Kirkeby was a minority shareholder in a company that manufactured tags for pets. Kirkeby alleged that the majority shareholder, Fascenelli, looted the company after Kirkeby resigned from the board of directors. Fascenelli was claimed to have taken excessive bonuses, paid personal expenses with corporate funds and taken improper loans, all amounting to approximately $4.9 million. One of the loans was used to purchase residential rental property which was then placed in the Fascenelli’s Family Trust. Additionally, Fascenelli took his personal residence and placed it in the same Family Trust, and then subsequently transferred the properties to a partnership in order to avoid execution by creditors.

Kirkeby claimed that both transfers to the trust constituted fraudulent conveyances and thereafter recorded a lis pendens (pursuant to Section 405 et seq. of the California Code of Civil Procedure) against both properties. Upon Fascenelli’s petition, the trial court expunged the lis pendens since the underlying claims were for money damages. A writ of petition to review the expungement order was filed with the Court of Appeals, but was denied on the basis that the claims contained in the complaint would not affect title or the right to possession of real property, which was required by applicable law. The California Supreme Court granted review of the expungement order.

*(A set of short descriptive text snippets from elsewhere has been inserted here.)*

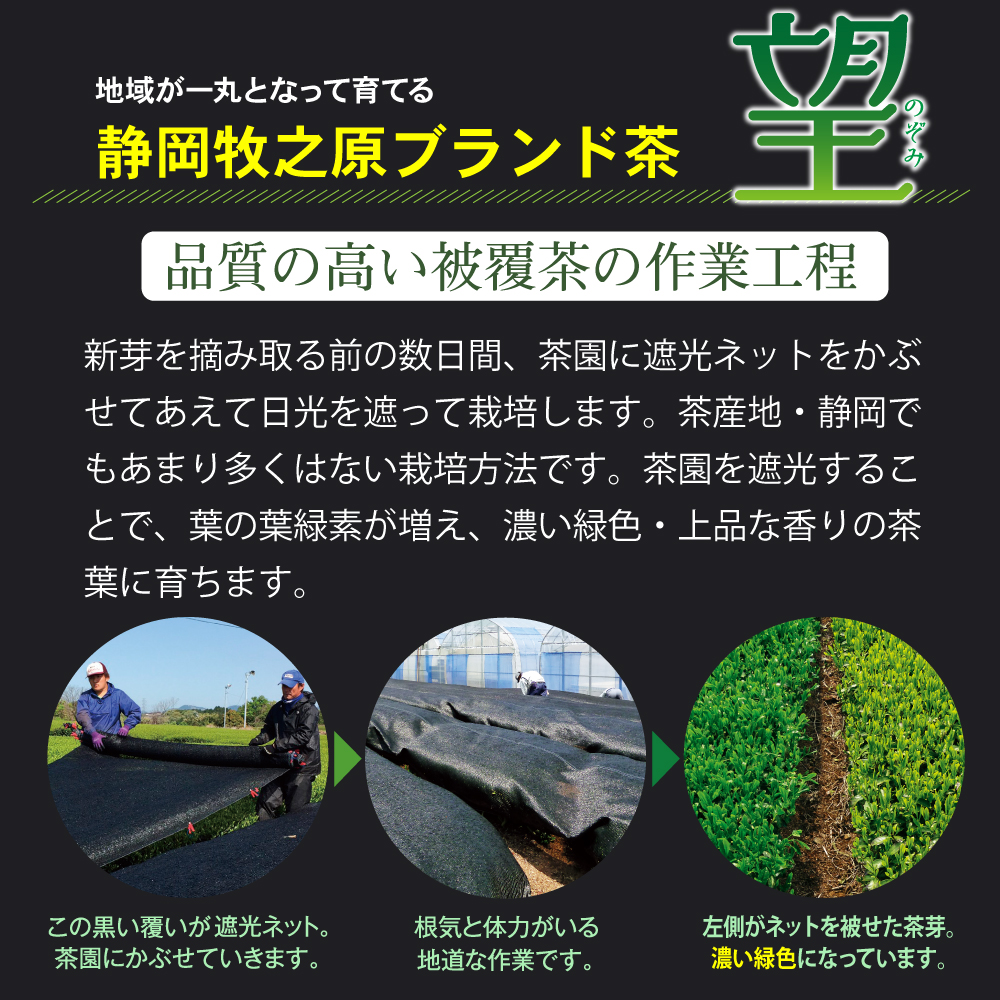 15%OFF 望 金印 12袋セット 送料無料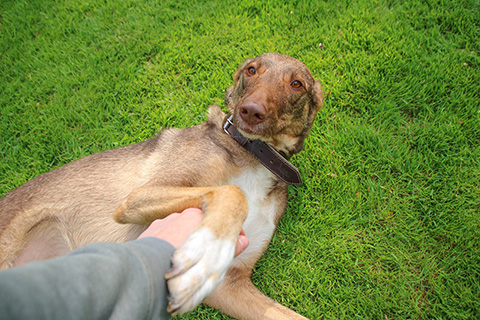 Hundewiese Eickhorst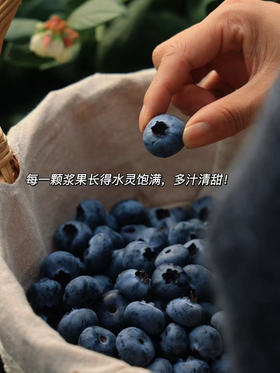 【抚仙湖 蓝莓】用全国水质好的抚仙湖水灌溉的，长出的蓝莓水灵饱满，汁多肉甜，果皮厚厚，其中的花青素和维生素含量超高，爱护眼睛就多吃蓝莓！！
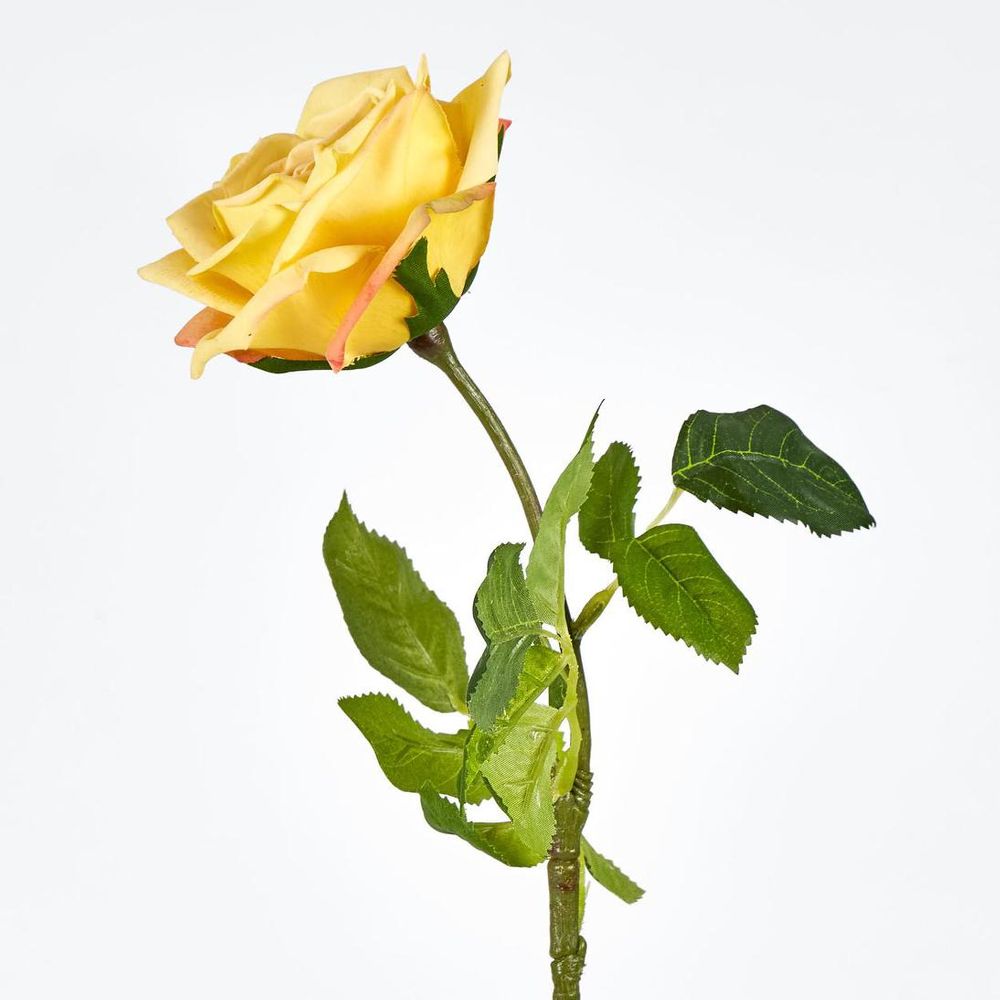 Walter Real Touch Rose Stem Yellow
61cm image 2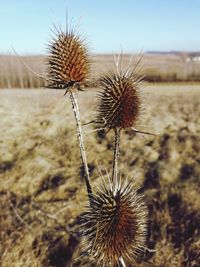 Close-up of dry thistle on field against sky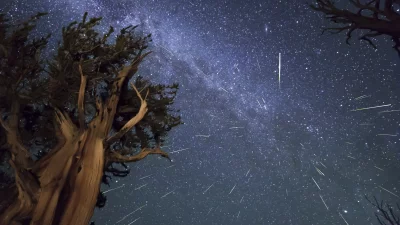Milky Way and Meteor Shower Over Ancient Tree Silhouette at Night image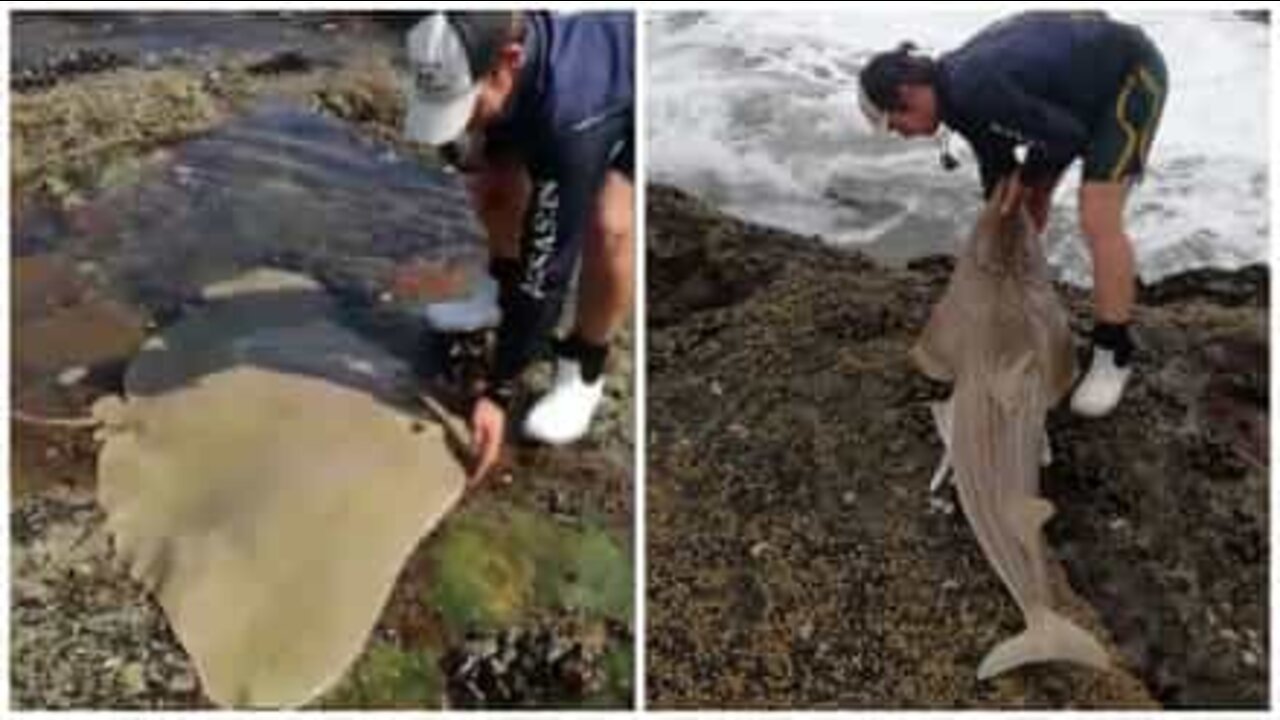 Helt redder strandet fisk fra stenene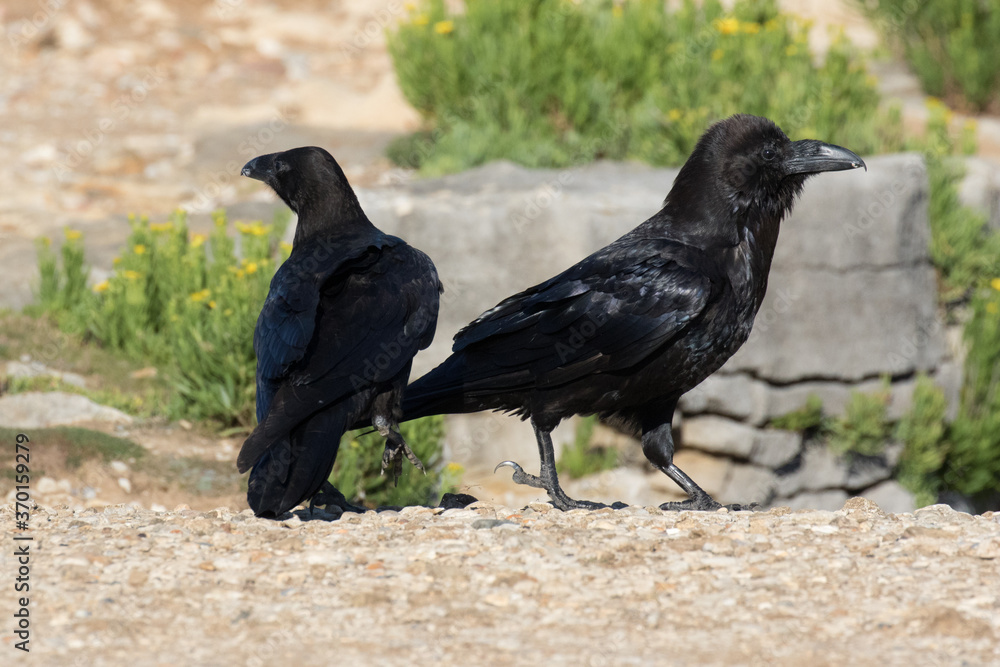 British Raven, the largest of the crow family. British Raven, the largest of the crow family.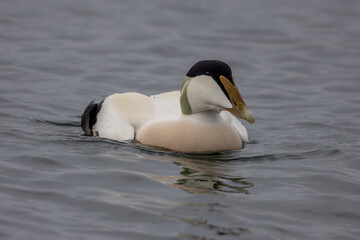 Common eider (Somateria mollissima)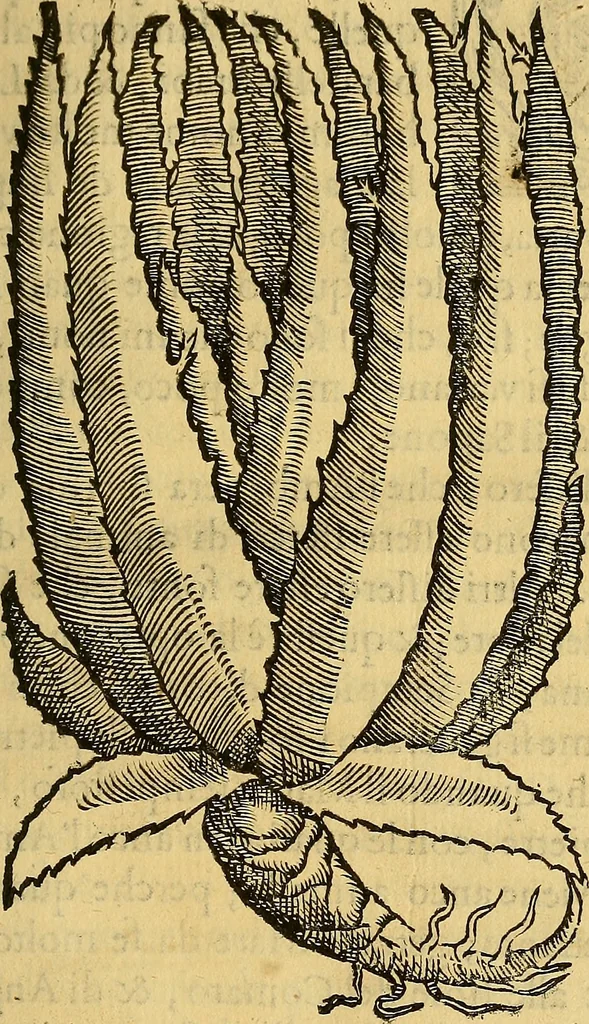 An illustration from Trattato di Christoforo Acosta Africano medico, & chirurgo della historia, natura, et virtu delle droghe medicinali, & altri semplici rarissimi, che vengono portati dalle Indie Orientali in Europa : con le figures delle piante ritratte, & disegnate dal viuo poste a' luoghi proprij ; nuouamente recato dalla Spagnuola nella nostra lingua .., 1585, leaf 214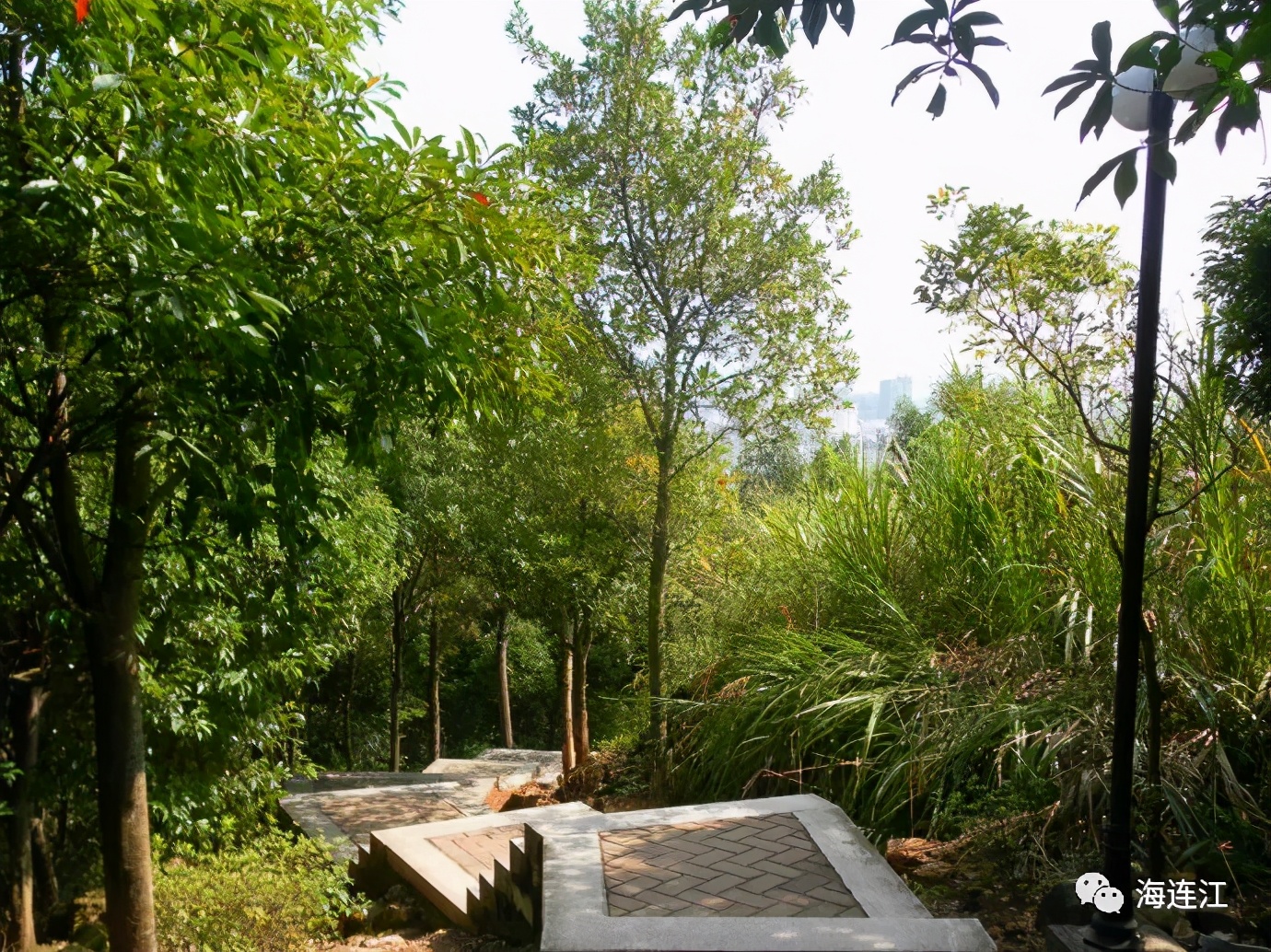 本周日！连江的你欲往哪座山头？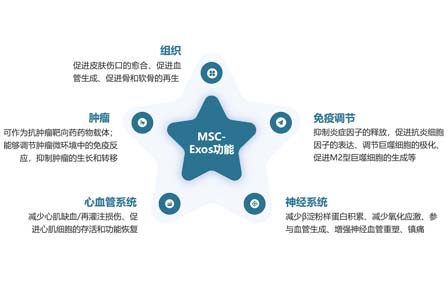 从实验室到规模化生产：MSC-Exo的产业化生产之路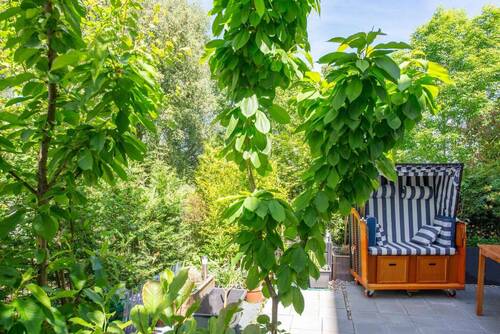 Garten - 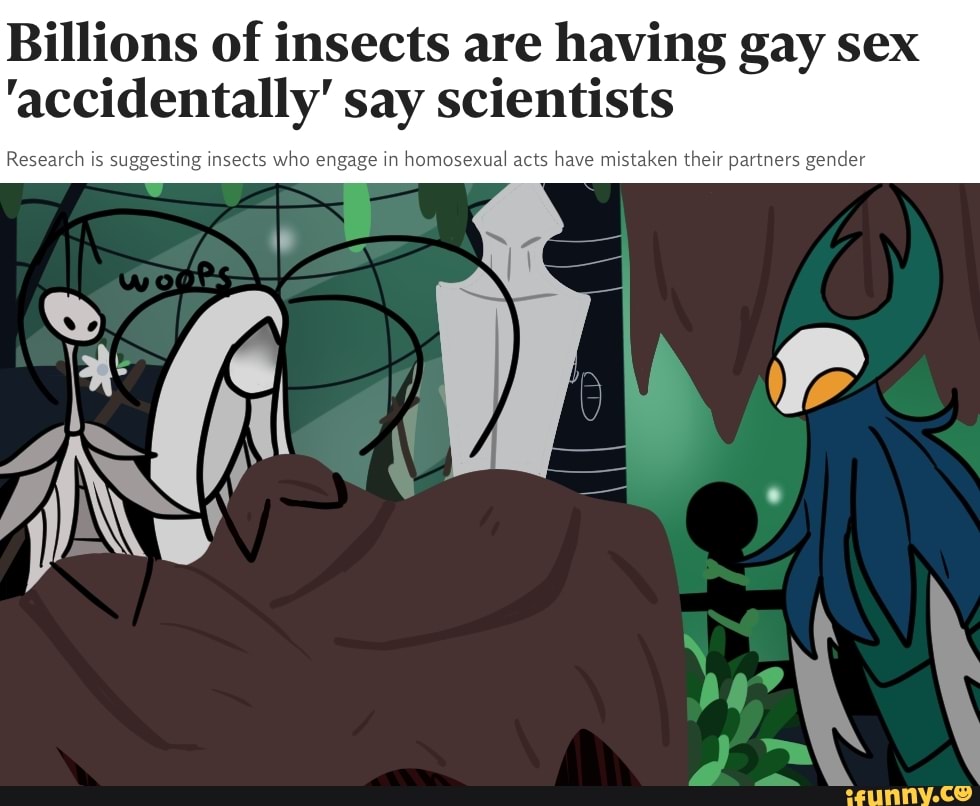 Billions of insects are having gay sex
'accidentally' say scientists
s
who en: ymosexual acts have mistaken their partners gender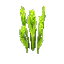 Plant_Reeds_Poison
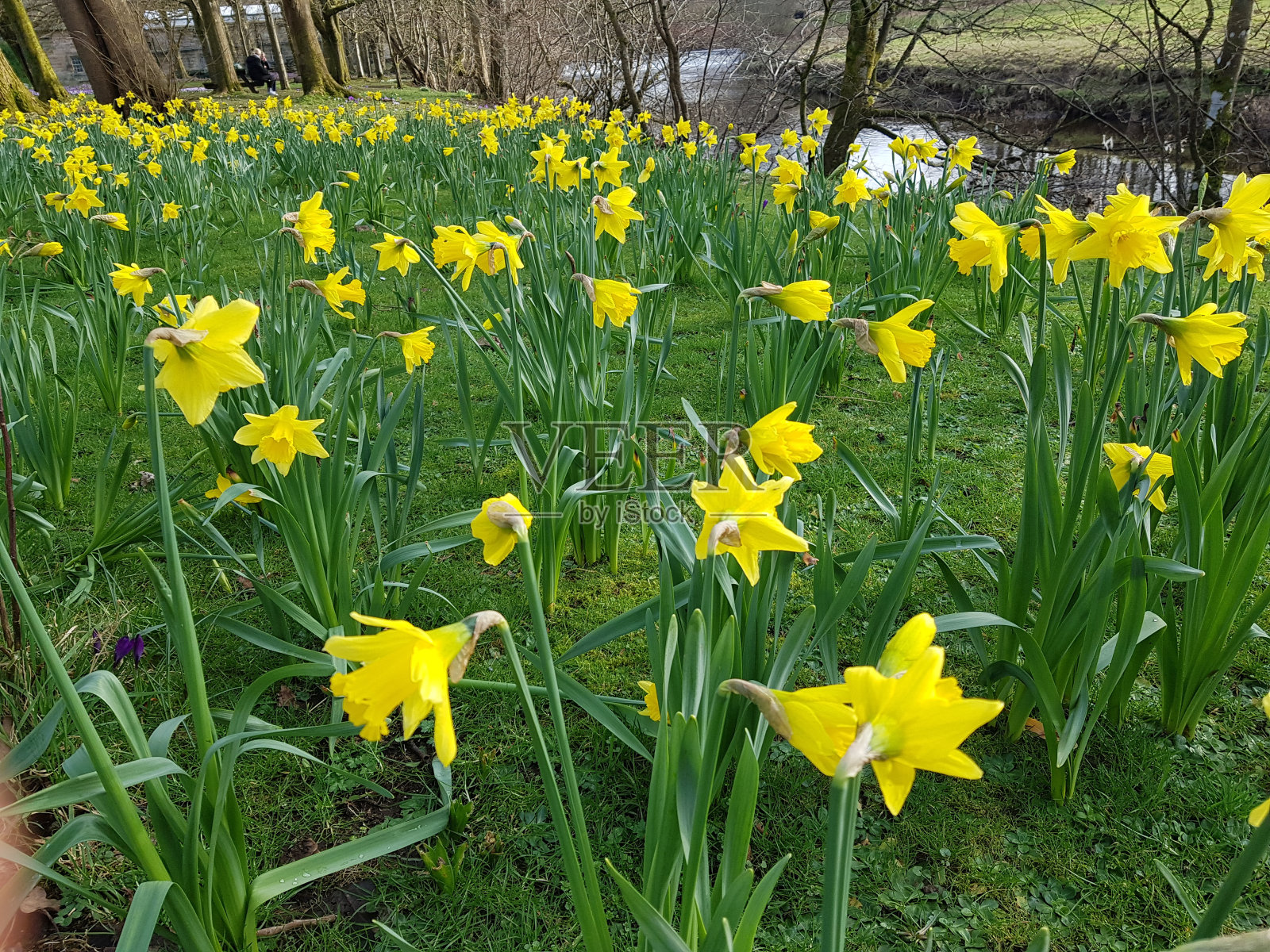 英国苏格兰格拉斯哥公园里盛开的水仙花照片摄影图片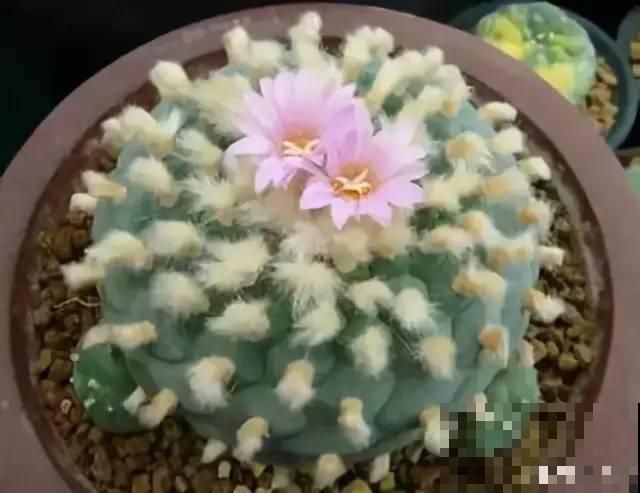 公认难养的20种花,养一盆死一盆,下次还敢买? 公认难养的20种花,养一盆死一盆,下次还敢买?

Initially, the Court noted that a “real property claim” was defined as “the cause or causes of action in a pleading which would, if meritorious, affect (a) title or right to possession of, specific real property …” Id. at p. 647. Therefore, a review of the expungement order was limited to whether a real property claim had been properly pled in the complaint. Using plain language analysis, the Court found in favor of Kirkeby and reversed the lower court’s decision.

The Court reasoned that a fraudulent conveyance gives rise to various remedies, including, but not limited to providing for the avoidance of transfer of title to specific pieces of real property. Since such remedies would affect the title or possession of real property it was clear that Kirkeby’s complaint asserted a “real property claim” and therefore formed the basis for a lis pendens. The Court acknowledged that its decision could be abused by creditors recognizing that the lis pendens statute was designed only to give notice to third parties and not necessarily to aid plaintiffs in pursuing claims. The Court noted that “the practical effect of a recorded lis pendens would be to render a defendant’s property unmarketable and unsuitable as security for a loan.” Id. at p. 651. However, the plain language of the statute required such a result and if it became problematic, then it was up to the legislature to change the law.


It appears that under Kirkeby, a creditor will now be free to proceed to record a lis pendens against specific real property when it is able to assert a claim for fraudulent conveyance in its complaint. This will allow creditors to move extremely quickly without the need for a court to issue a prejudgment order or injunction to prevent debtors from attempting to further transfer or collateralize real property that had been transferred in an attempt to hinder, delay or defraud creditors. However, a creditor should be aware that a property owner may be entitled to attorneys’ fees and costs if successful in expunging a lis pendens, so it would be prudent to confirm the evidence of fraud before recording the notice of lis pendens. In any case, this is certainly good news for creditors who will benefit greatly from this added enforcement tool for use against unscrupulous and questionable transfers.